- _EXERCISE BRIEF_: An exact copy of every entry is required, without the pictures.
******
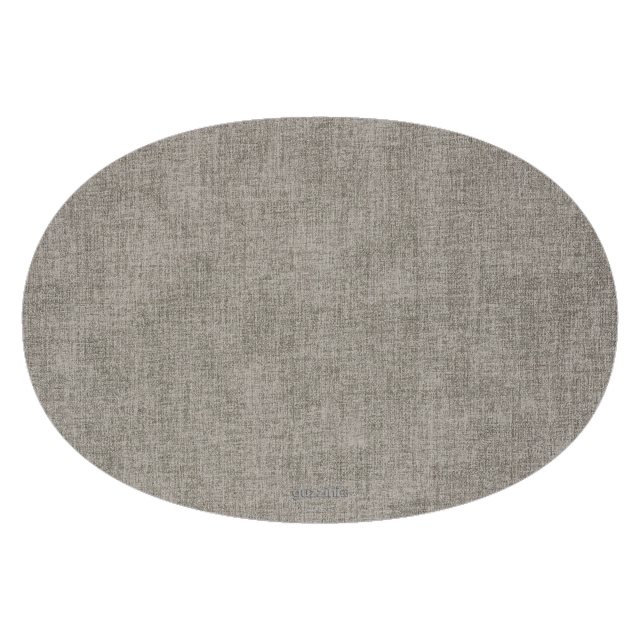 Sky Grey Oval Reversible Placemat - Tiffany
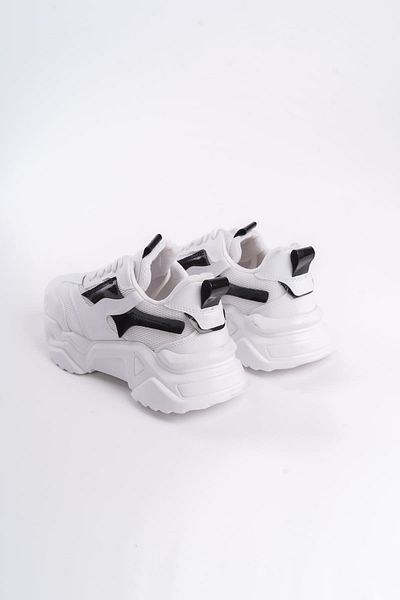 BZ Moda CALIFORNIA Tricoturi cu talpă ortopedică cu șireturi Pantofi sport pentru femei BT alb/negru
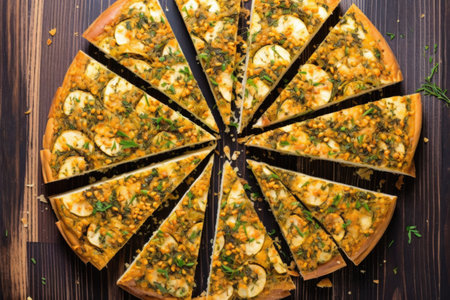 overhead shot of a grilled garlic bread circle cut into pieces, created with generative aiの素材
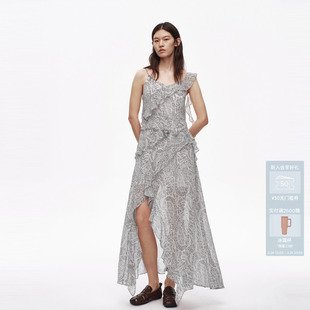 AVVENN设计师款 飘逸雪纺荷叶边腰果花吊带连衣裙AL31101703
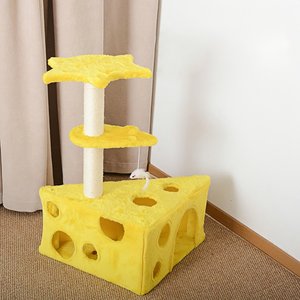 NonoPets Multi-Level Platforms Cheese-Themed 28.7-in Cat Tree Tower & Condo with Scratching Post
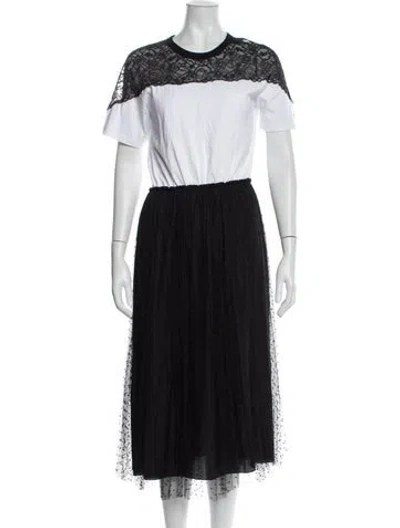 Pre-owned Red Valentino Crew Neck Long Dress In Black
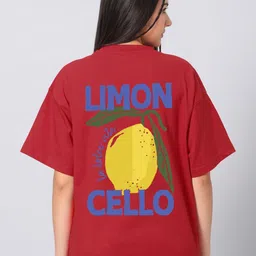 Besick Women Graphic Printed Round Neck Cotton Oversized T-shirt-picture-22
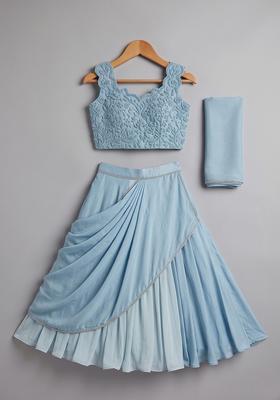 Girls Powder Blue Crepe Handwork Lehenga Set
******
- _OUTPUT BELOW_:
 Sky Grey Oval Reversible Placemat - Tiffany
 BZ Moda CALIFORNIA Tricoturi cu talpă ortopedică cu șireturi Pantofi sport pentru femei BT alb/negru
 overhead shot of a grilled garlic bread circle cut into pieces, created with generative aiの素材
 AVVENN设计师款 飘逸雪纺荷叶边腰果花吊带连衣裙AL31101703
 NonoPets Multi-Level Platforms Cheese-Themed 28.7-in Cat Tree Tower & Condo with Scratching Post
 Pre-owned Red Valentino Crew Neck Long Dress In Black
 Besick Women Graphic Printed Round Neck Cotton Oversized T-shirt-picture-22
 Girls Powder Blue Crepe Handwork Lehenga Set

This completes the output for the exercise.